The system avoids creating perverse incentives. If all drivers follow the heatmap to the same hotspot, they overshoot and the incentive must be designed to decay as supply fills a zone. The incentive engine uses a feedback loop: as available driver count in a geohash cell rises toward the demand level, the incentive multiplier for that cell decreases, naturally spreading drivers across multiple high-demand areas.

Cancellation Handling

Cancellations are modeled as state machine transitions on the trip entity. A trip can be cancelled by either party before completion. Cancellation policy determines whether fees apply: riders who cancel after the driver has been en route for more than N minutes (typically 5) are charged a flat cancellation fee, handled via the same payment flow as trip charges. Riders who cancel within N minutes pay nothing.
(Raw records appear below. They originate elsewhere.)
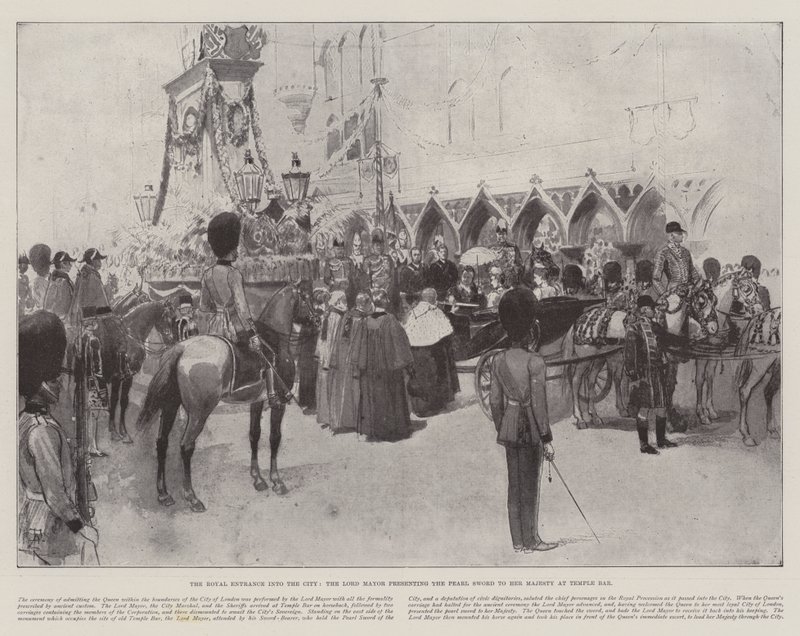 The Royal Entrance into the City, the Lord Mayor presenting the Pearl Sword to Her Majesty at Temple Bar by Amedee Forestier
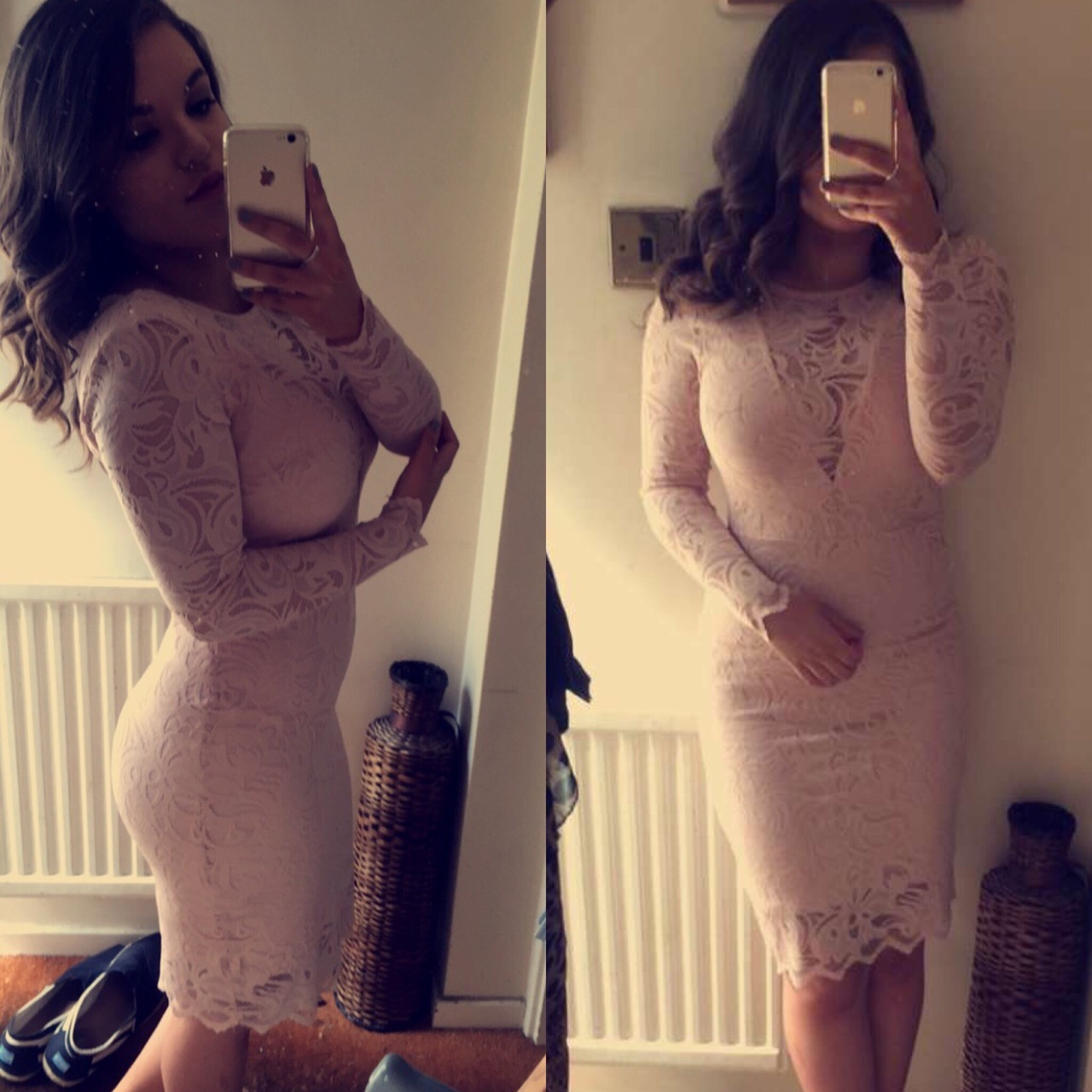 long sleeve, lace dress, pink and Prom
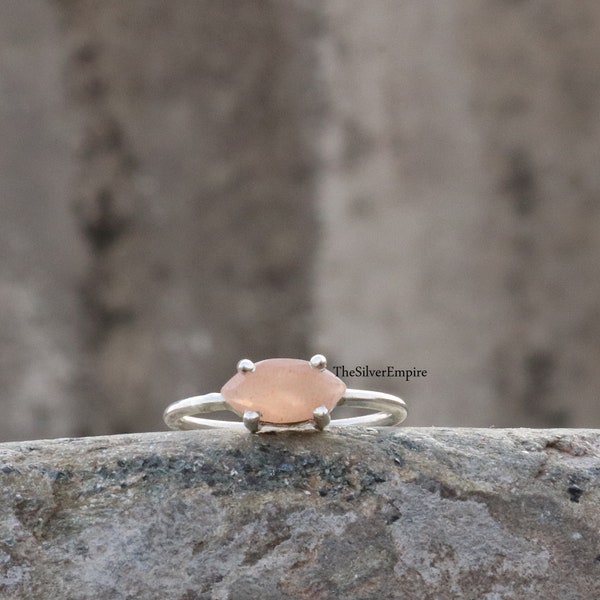 Natural Peach Moonstone Ring - 925 Sterling Silver Ring - Handmade - Faceted Moonstone Ring - Marquise Ring - Ring For Women - Gifts For Her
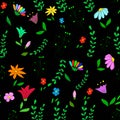 Seamless pattern with flowers,sprigs and curls. Royalty Free Stock Photo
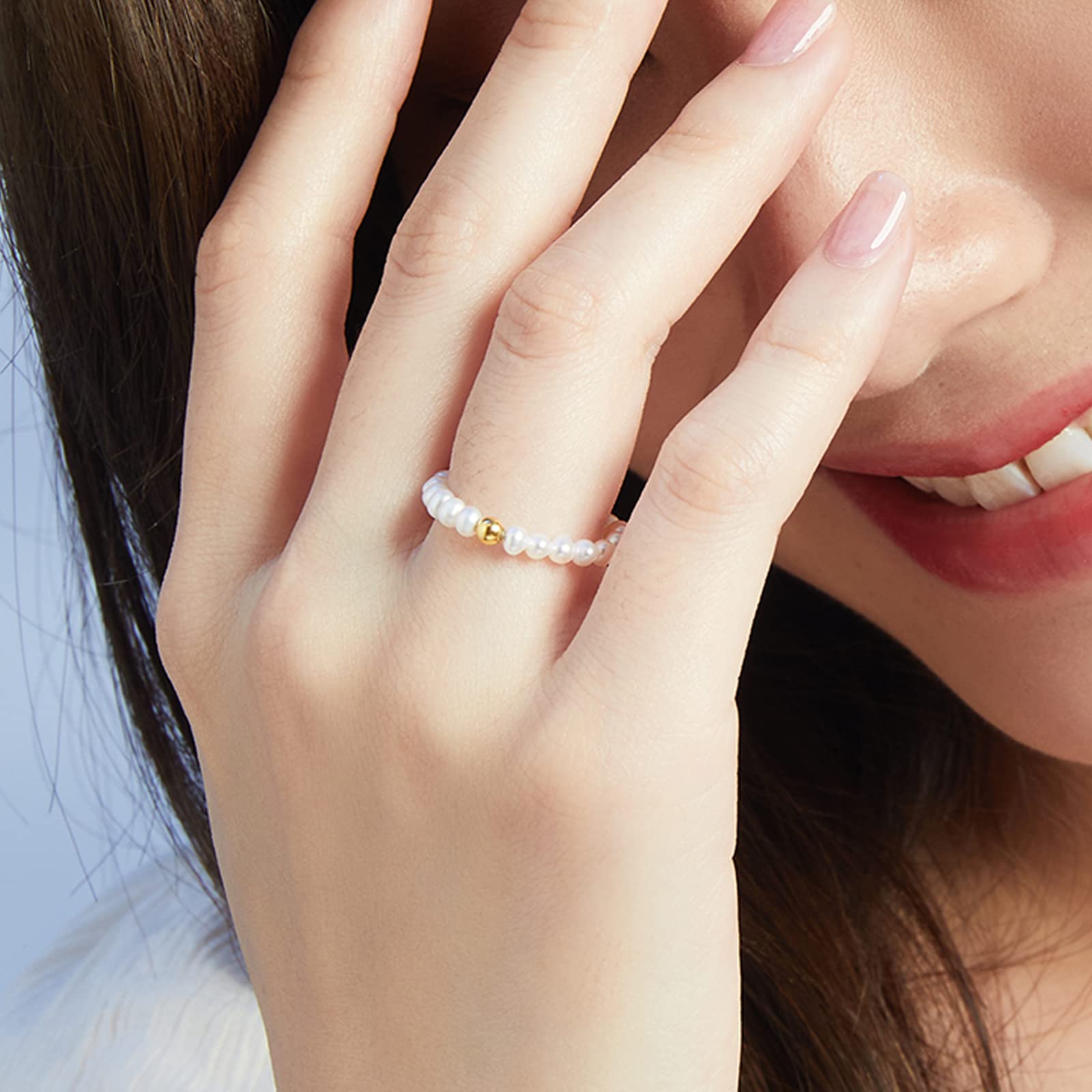 Zhou Liu Fu 18K Yellow Gold Adjustable Freshwater Pearl Ring - Real Natural Pearl Stretch Beaded Jewelry for Women, Mothers, Wives | Perfect for Anniversary, Birthday, Valentine's Day Gifts & Everyday Elegant Wear
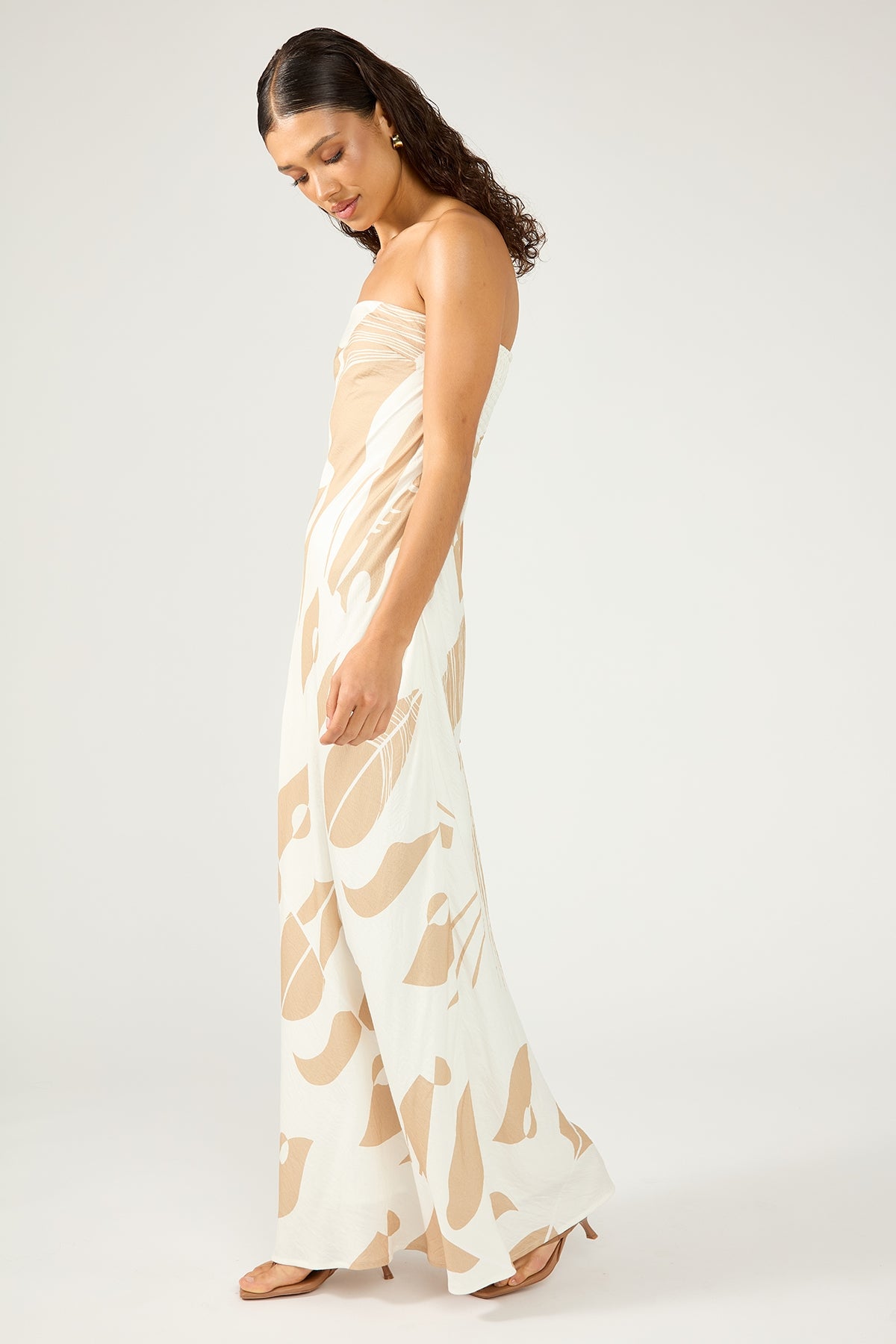 Perfect Stranger Cielle Strapless Maxi Dress Nude Print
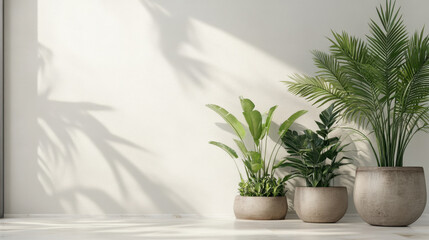 Fototapeta premium Potted plants in modern style for interior design or wallpaper.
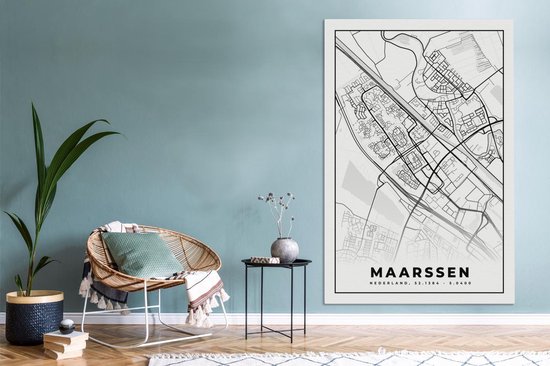 Canvas schilderij 120x180 cm - Wanddecoratie Kaart - Maarssen - Zwart - Wit - Muurdecoratie woonkamer - Slaapkamer decoratie - Kamer accessoires - Schilderijen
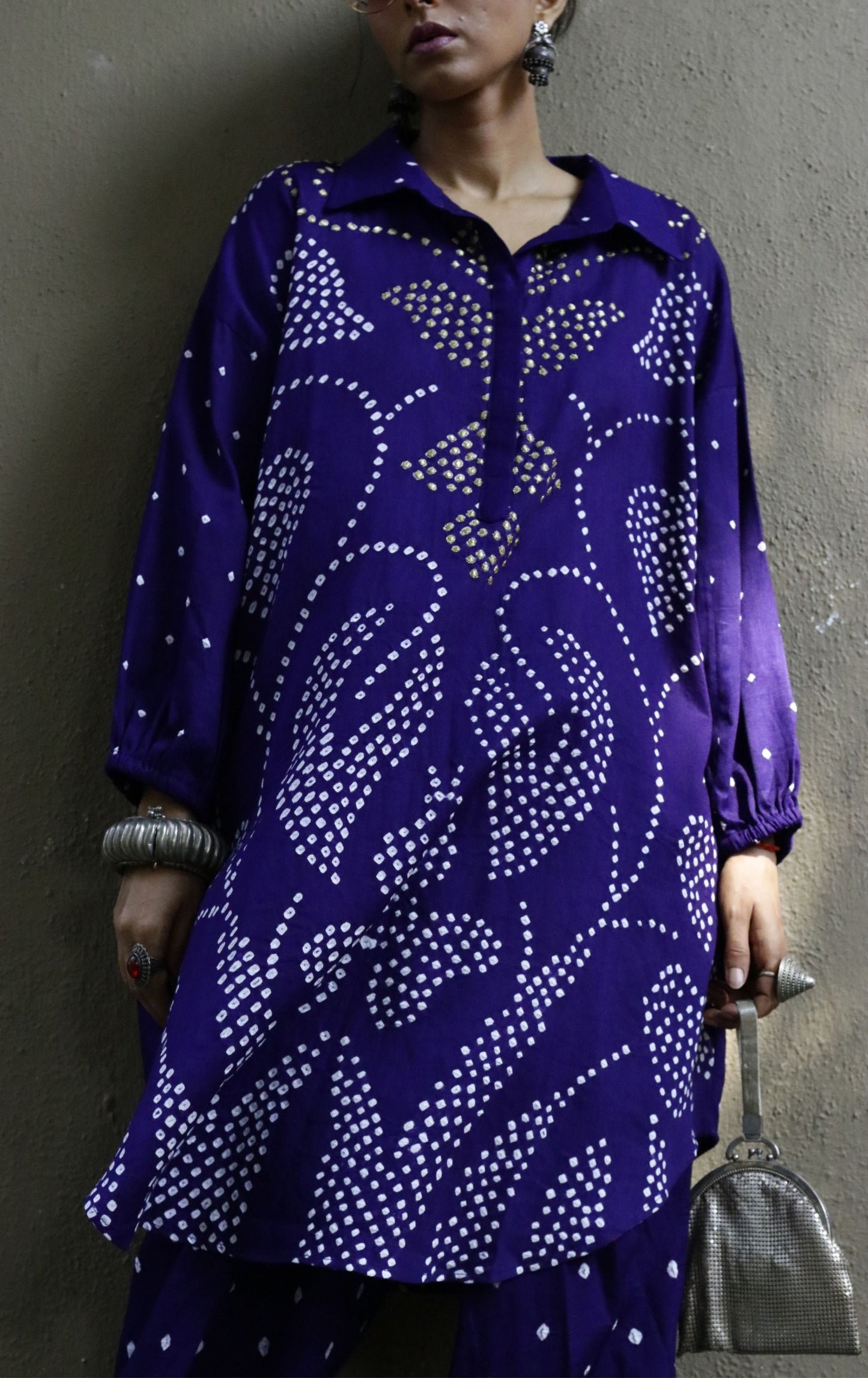 Bandhani Purple Cotton Co-ord Set : Buy Salwaar Kurta Cotton Co-ord Set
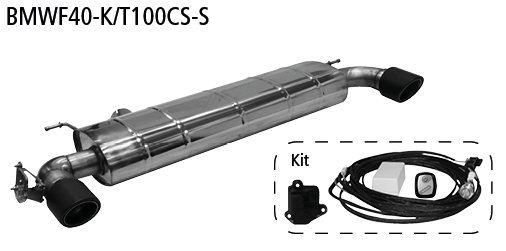 Endschalldämpfer mit Einfach-Endrohr Carbon 1x Ø?100?mm LH+RH (i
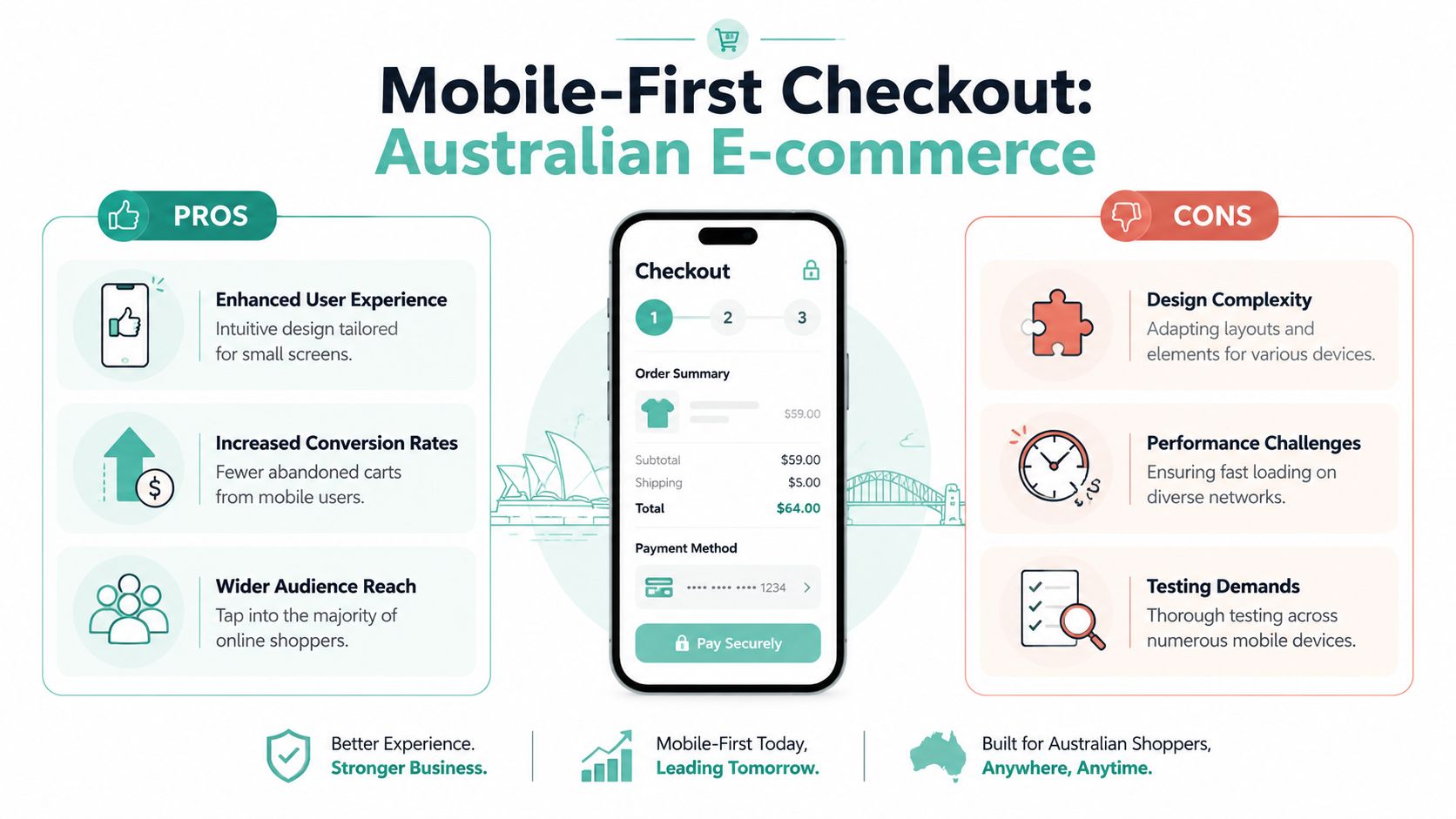 An infographic comparing the pros and cons of mobile-first checkout experiences for australian e-commerce websites.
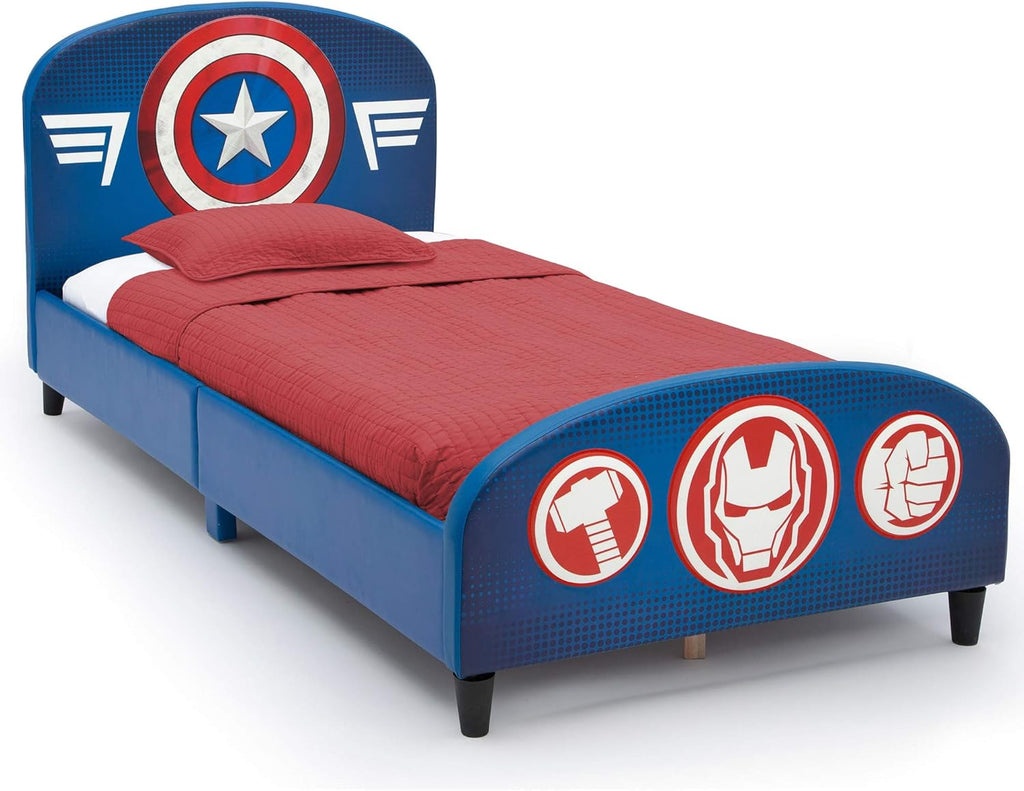 Delta Children Upholstered Twin Bed, Marvel Spider Man - Grand Goldman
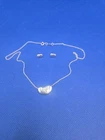 TIFFANY & CO STERLING  ELSA PERETTI  Med  BEAN Pierced Earrings & Necklace. T2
Driver cancellations re-enter the rider into the matching queue with elevated priority: their request gets a short-circuit path to the front of the batch window. The cancelling driver’s record is updated with a cancellation event. Rolling cancellation rate (cancellations / offers accepted, 30-day window) is computed nightly and stored in driver_stats. Drivers above the threshold receive a warning and are eligible for review. Repeated high-cancellation behavior triggers deactivation review.

Both rider and driver cancellation rates are surfaced in their respective profiles and factor into matching: a rider with a high cancellation rate may be deprioritized in tight supply conditions, or required to pre-authorize payment to reduce frivolous bookings.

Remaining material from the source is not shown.